Sammy has made a full return to competitive golf and football after highly specialized sports medicine knee surgery and rehabilitation.

Sammy is a high school senior who loves to fish, play football, golf and joke around with his friends. Multiple knee dislocations over the years and eventually surgery brought him to Shriners Children’s Northern California. Since undergoing knee surgery one year ago, Sammy is back to all the activities he loves.

When Sammy was 11 years old, he dislocated his knee for the first time playing nerf basketball. His left knee came down hard on tile flooring and his lower leg twisted. Since Sammy had almost no pain and the knee twisted back in place quite easily, the family didn’t seek treatment.

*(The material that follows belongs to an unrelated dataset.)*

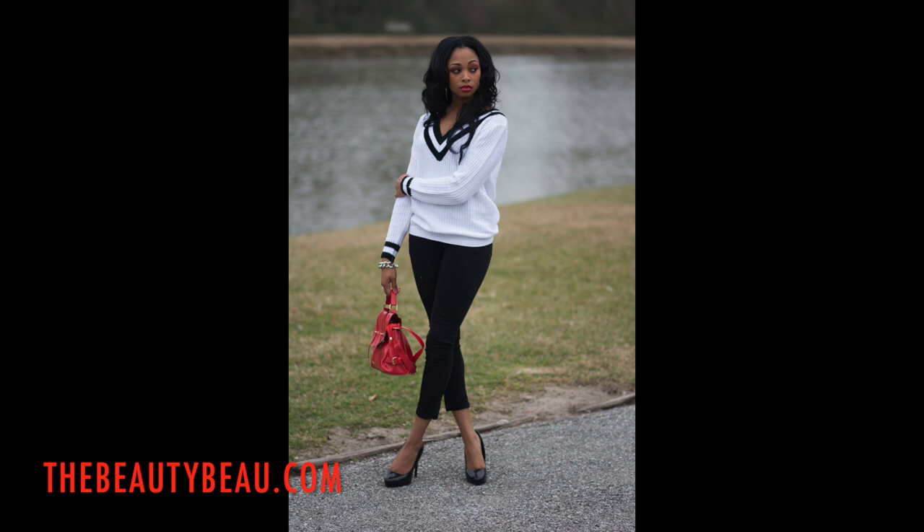Hey guys, in this video I'll be doing a pretty dramatic makeup look using red eyeshadow, kind of a red hue blush, and also red lips that are glossy. For an outfit of the day be sure to check the info box, and I'm also giving away one of the items that I'm wearing in this video, so definitely check that blog post to find out what that is.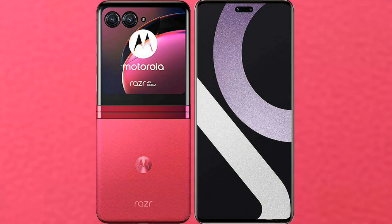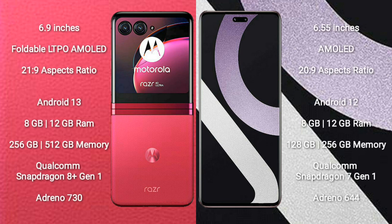I will compare the new Motorola RAZR 40 Ultra with Xiaomi CV2. Motorola RAZR 40 Ultra comes with a 6.9 inches foldable LTPO AMOLED display and aspect ratio 21:9. Xiaomi CV2 comes with a 6.55 inches AMOLED display and aspect ratio 22:9.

A couple years later, Sammy was playing at home and fell hard on his right knee forcing his kneecap over to the side of his leg. This time Sammy’s parents took him to the emergency room because the kneecap was stuck to the side and immobile. The doctors put his knee back in place and Sammy’s pediatrician later referred him to Shriners Children’s Northern California.

“The doctors wanted Sammy to go to Shriners Children’s because at that point he had had two major dislocations but almost no pain,” said Sammy’s mom Jill. “The doctors were worried he might have Marfan syndrome, a condition that affects the connective tissues that hold the body together, causing weak joints to easily dislocate.”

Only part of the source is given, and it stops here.